Laurence Alma-Tadema (August 1865 – 12 March 1940), born Laurense Tadema, was a British writer of the late 19th and early 20th centuries who worked in many genres.[1]
Alma-Tadema was born in Brussels in 1865. She was the eldest daughter of the Dutch painter Lawrence Alma-Tadema (1836–1912) and his first wife Marie-Pauline Gressin-Dumoulin de Boisgirard.[2] Laurence lived in the cottage "The Fair Haven", Wittersham, Kent, and she involved herself with music and plays with the villagers and their children, going on to construct a building to seat a hundred people, used for musical concerts and plays, which she named "Hall of Happy Hours".[3] She mostly divided her time between a flat in Paris and her cottage in Wittersham.[4] She never married, and died in a nursing home in London on 12 March 1940.[1][5] Her stepmother, Lady Laura Theresa Alma-Tadema (1852–1909) and younger sister Anna Alma-Tadema (1867–1943) were noted visual artists.[6]

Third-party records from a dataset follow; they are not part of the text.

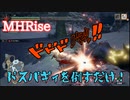 【MHRise】ただドスバギィを狩るだけ！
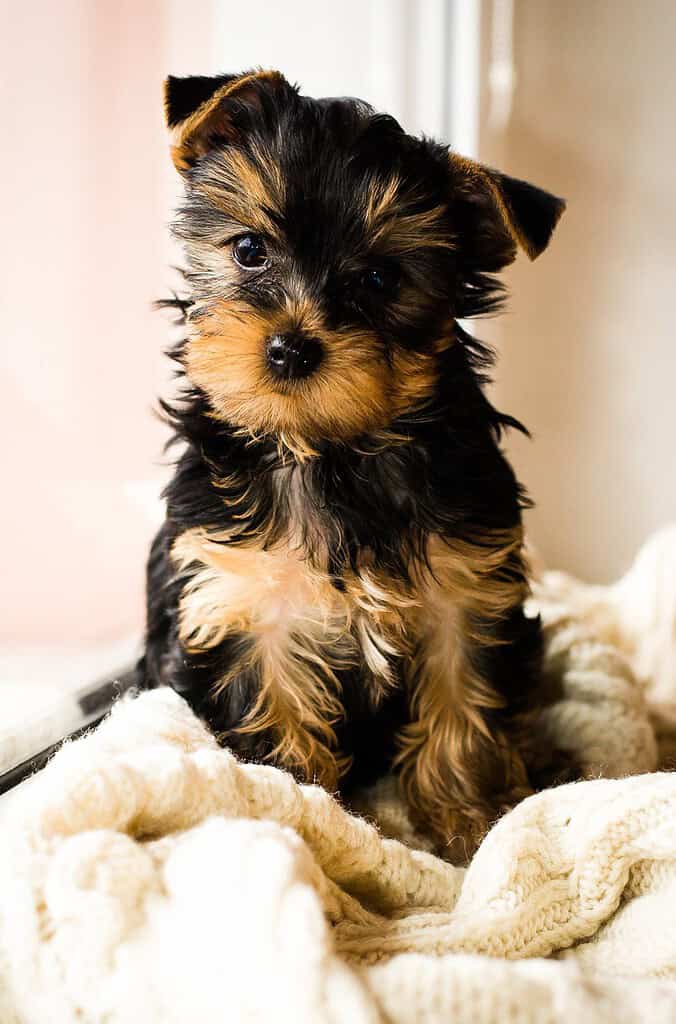 Adorable Yorkie puppy sitting on a soft blanket near a window.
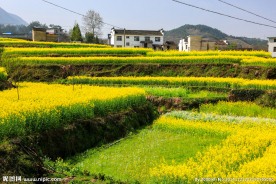 家朋油菜花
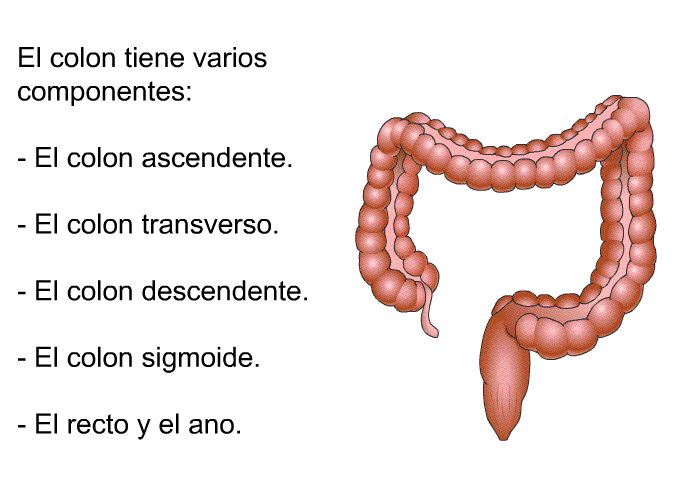 El colon tiene varios componentes:  El colon ascendente. El colon transverso. El colon descendente. El colon sigmoide. El recto y el ano.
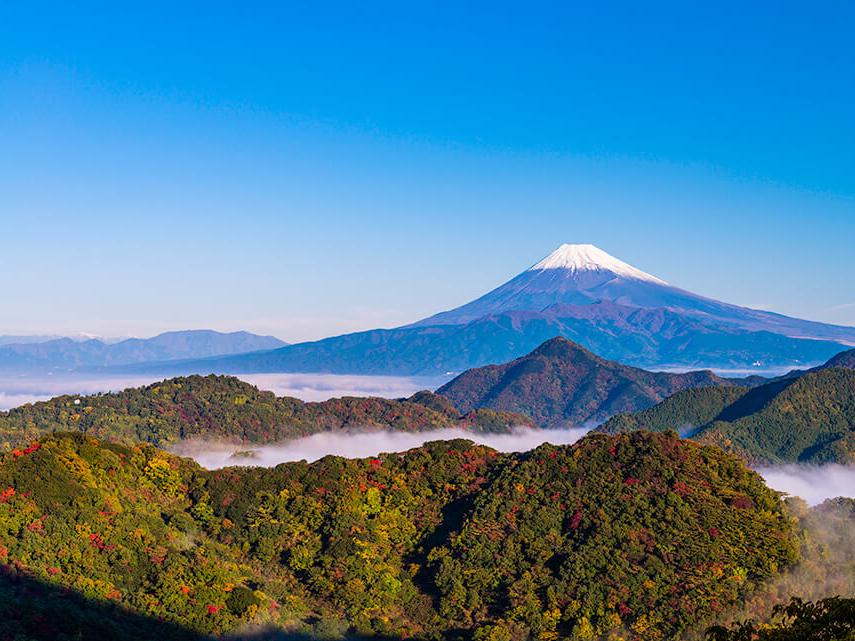 カップルの間で人気急上昇！富士山の景色が見える伊豆エリアの人気旅館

Alma-Tadema's first novel, Love's Martyr, was published in 1886. In addition to her own collections of stories and poems, which she often published herself, Alma-Tadema wrote two novels, songs and works on drama; she also made translations. The Orlando Project says about Alma-Tadema's writing that the "characteristic tone is one of intense emotion, but in prose and verse she has the gift of compression".[1] She contributed widely to periodicals, notably The Yellow Book, and also edited one herself.[1] Some of Alma-Tadema's plays were successfully produced in Germany.[3]
Alma-Tadema's poem "If No One Ever Marries Me", written in 1897 and published in Realms of Unknown Kings,[7] saw performances as a song in the 21st century by Natalie Merchant on her double album Leave Your Sleep.[8][9] In 1900 it had been included in the musical score, The daisy chain, cycle of twelve songs of childhood by Liza Lehmann,[10] and in 1922 in the musical score Little girls composed by Louise Sington.[citation needed]
Alma-Tadema had a close association with Poland. She was secretary of the "Poland and the Polish Victims Relief Fund" from 1915 to 1939. She was an admirer and long-term associate of Ignacy Jan Paderewski both as far as his music and political activities were concerned, notably on Polish independence.[5] Alma-Tadema maintained a correspondence with him from 1915 to the end of her life. Some of her papers are deposited with the Bodleian Library at the University of Oxford.[11]
Alma-Tadema, who had socialist leanings, travelled to America in 1907 to tour the country widely.[3] She gave a series of readings on the "Meaning of Happiness", which proved exceedingly popular.[3] She also spoke on the plight of the divided Poland and asked her audience to express their feelings for this cause.[12][13]